Cet état d’esprit est ce que signale, en particulier, Montaugnac : 

 

«  En France écrit-il, on voit la colonie florissante, des établissements s’élevant de toute part  des bulletins mensongers, rédigés par des intrigants,  reproduits avec amplification dans les journaux emphatiques,  vous font un tableau admirable de cette colonie en friche : les colons y abondent,  des terrains immenses sont en plein rapport..  Les  superbes projets des autorités font présager pour l'avenir les plus brillants résultats. En attendant, conclut-il, rien de tout cela,  rien, pas un seul colon. »

 

C’est dans la  perspective de l’application de l’ordonnance  de 1838 que le gouvernement demanda à Clauzel de faire dresser un état des terres disponibles et de rechercher des emplacements pour créer des villages.
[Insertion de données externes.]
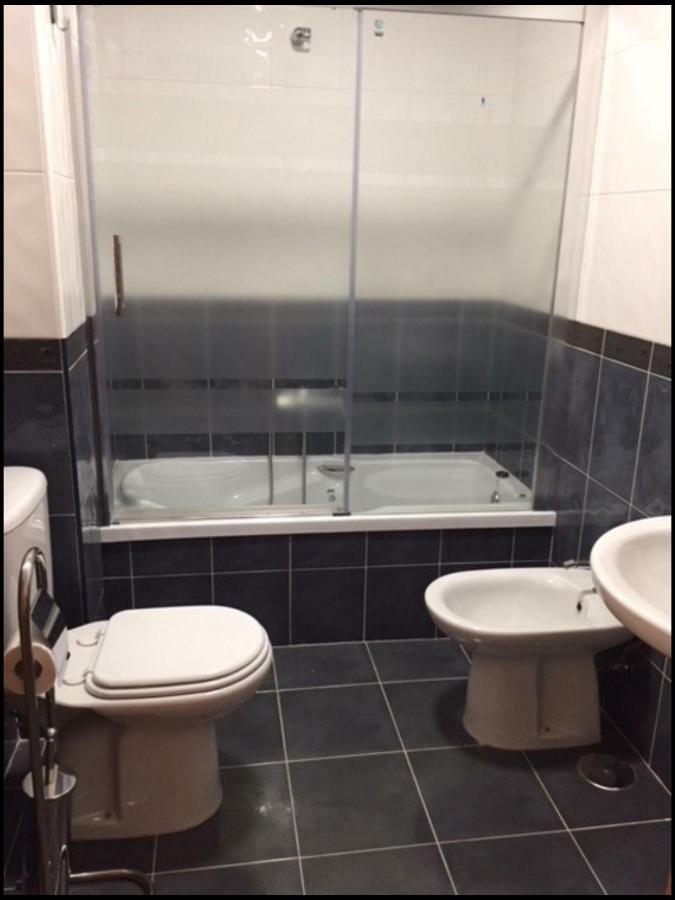 Apartamentos Finisterre Atlantico Εξωτερικό φωτογραφία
Il  fut prévu, à cette fin, de lotir six grands haouch domaniaux ; ce projet ne fut cependant pas réalisé à cause de l’insécurité due aux incursions continuelles des Hadjoutes, un ensemble de tribus luttant sans relâche depuis 1830 contre la présence française et réduisant celle-ci à quelques points isolés autour des camps de la Mitidja.

 

Cet assouplissement fut  critiqué par le gouvernement d’Alger qui argua que les candidats au départ seraient certes qualifiés mais, venant des villes, ils ne seraient pas adaptés au marché du travail de la colonie. 

 

Pour pallier à cette critique justifiée, le maréchal Soult, président du conseil et ministre de la guerre élabora en 1839/40 une synthèse cohérente de la politique d’émigration permettant de dépasser les antagonismes entre Paris et Alger : 

     . Le nombre de passages pris en charge par l’Etat sera fixé par rapport aux besoins du marché de l’emploi en Algérie.

     . Les sous-préfets et les maires pourront refuser des passeports à ceux qui n’auront pas obtenu du ministère un passage gratuit.

     . Les familles reconnus capables de se livrer à la culture et disposant de ressources pour tenir jusqu’à leur première récolte, pourront obtenir des concessions, au maximum de douze hectares. 

 

Ainsi se définit le portrait de l’émigrant idéal : bonne santé, bonne moralité,  apte à s’insérer dans la nouvelle colonie. 20.000 passages gratuits seront délivrés entre 1841 et 1845, la plus grande partie de ces migrants provient du milieu urbain, 19% seulement  sont issus du monde rural.